A Python package to enrich Google Cloud Data Catalog Fileset Entries with Data Catalog Tags. The goal of this library is to provide useful statistics regarding the GCS files that match the file pattern on the provided Data Catalog Fileset Entry.
For instructions on how to create Fileset Entries, please go to the official Google Cloud Docs
Tags created by the fileset enricher are composed by the following attributes, and all stats are a snapshot of the execution time:
Field | Description | Mandatory |
---|---|---|
execution_time | Execution time when all stats were collected. | Y |
files | Number of files found, that matches the prefix. | N |
min_file_size | Minimum file size found in bytes. | N |
max_file_size | Maximum file size found in bytes. | N |
avg_file_size | Average file size found in bytes. | N |
total_file_size | Total file size found in bytes. | N |
first_created_date | First time a file was created in the bucket(s). | N |
last_created_date | Last time a file was created in the bucket(s). | N |
last_updated_date | Last time a file was updated in the bucket(s). | N |
created_files_by_day | Number of files created on the same date. | N |
updated_files_by_day | Number of files updated on the same date. | N |
prefix | Prefix used to find the files. | N |
bucket_prefix | When specified at runtime, buckets without this prefix are ignored. | N |
buckets_found | Number of buckets that matched the prefix. | N |
files_by_bucket | Number of files found on each bucket. | N |
files_by_type | Number of files found by file type. | N |
If no fields are specified when running the fileset enricher, all Tag fields will be applied.

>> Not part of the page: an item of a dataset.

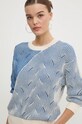 Pulover Desigual OTTAWA plava 24WWJF10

To generate file statistics and create the Tags this python package, uses the GCS list_buckets
and list_blobs
APIs to extract the metadata that matches the file pattern, so their billing policies will apply.
git clone https://github.com/mesmacosta/datacatalog-fileset-enricher
cd datacatalog-fileset-enricher
- Data Catalog Tag Editor
- Data Catalog TagTemplate Owner
- Data Catalog Viewer
- Storage Admin or Custom Role with storage.buckets.list acl
./credentials/datacatalog-fileset-enricher.json
Using virtualenv is optional, but strongly recommended unless you use Docker.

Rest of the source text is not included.